Some years back the results of a prop efficiency test were published. The efficiency they were testing for was pretty much "fuel economy" for prop airplanes that carry people. So it wasn't exactly all encompassing, something not possible in aeronautics anyway.

The blade area must be sufficient to handle the horsepower of the engine first. And then the tip speed must be kept under mach 1 to exclude that power robber. And then they found that the slower the rpm the more efficient the system across the board. And that when the pitch went below half the diameter, that killed the efficiency. And one of the most important details was that the prop had to operate in the power range of the engine. So...........

The most fan and pitch that the engine could turn in it's highest horsepower range won for that engine at whatever speed the airframe's drag allowed.

Ain't no three word soundbytes gonna work for this question.

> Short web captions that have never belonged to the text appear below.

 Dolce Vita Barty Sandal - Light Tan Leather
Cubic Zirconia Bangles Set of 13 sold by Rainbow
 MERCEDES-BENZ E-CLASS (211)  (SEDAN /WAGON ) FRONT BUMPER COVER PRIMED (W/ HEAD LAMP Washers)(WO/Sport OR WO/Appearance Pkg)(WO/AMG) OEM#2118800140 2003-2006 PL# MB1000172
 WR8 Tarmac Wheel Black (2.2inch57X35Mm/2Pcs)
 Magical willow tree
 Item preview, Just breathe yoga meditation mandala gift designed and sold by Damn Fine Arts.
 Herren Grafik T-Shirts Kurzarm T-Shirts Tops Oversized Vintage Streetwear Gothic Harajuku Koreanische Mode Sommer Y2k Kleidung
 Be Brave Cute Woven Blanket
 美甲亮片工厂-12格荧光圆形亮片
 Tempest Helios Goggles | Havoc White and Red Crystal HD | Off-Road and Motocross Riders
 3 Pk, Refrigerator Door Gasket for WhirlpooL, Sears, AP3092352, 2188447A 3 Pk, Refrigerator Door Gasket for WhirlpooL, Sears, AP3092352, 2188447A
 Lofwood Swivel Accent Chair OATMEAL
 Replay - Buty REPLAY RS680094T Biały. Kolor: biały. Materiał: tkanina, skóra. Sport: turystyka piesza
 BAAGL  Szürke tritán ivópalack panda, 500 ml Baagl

Everybody always wants a real simple answer for their aerodynamic questions. And they want that infinitely wise three word sentence to apply to everything from paragliders to jumbo jets.

Higher pitch and longer diameter usually give more efficiency. Mostly because those changes slow the prop, and slower is usually more efficient. Until you run out of engine, that is. And any pitch or diameter or combination that won't allow the engine to put out it's power is a loser. Yet that loser prop might be the most efficient prop for some other engine.

Most of the electric gurus claim that any prop with a diameter/pitch ratio of less than .5 is best used for stirring paint. There are two losses in props, one is slip, the other is form drag which is the wind resistance of the blades at a zero thrust advance ratio. The fact that large diameter flat pitch props brake so well when allowed to freewheel with the motor off is a good indication of just how much air resistance the blades encounter. A smaller diameter higher pitch prop will slip more but the reduced blade drag resulting from the lowered blade tip speeds more than offsets that loss.
On an electric, you can get good overall propulsion efficiency with a "climbing prop" by using the prop to climb and then shutting the motor off and gliding for a while and repeat. Make sure the motor brakes the prop and doesn't let it windmill.

A 3-D plane hovering on prop thrust is another matter entirely. Here, all props have an efficiency of zero because they are doing zero work. It's a matter of which prop consumes the least power.

Didn't know you could move masses of air with 0 work.

Down load "aero design propeller selector" on google. This will answer your questions. Safe download.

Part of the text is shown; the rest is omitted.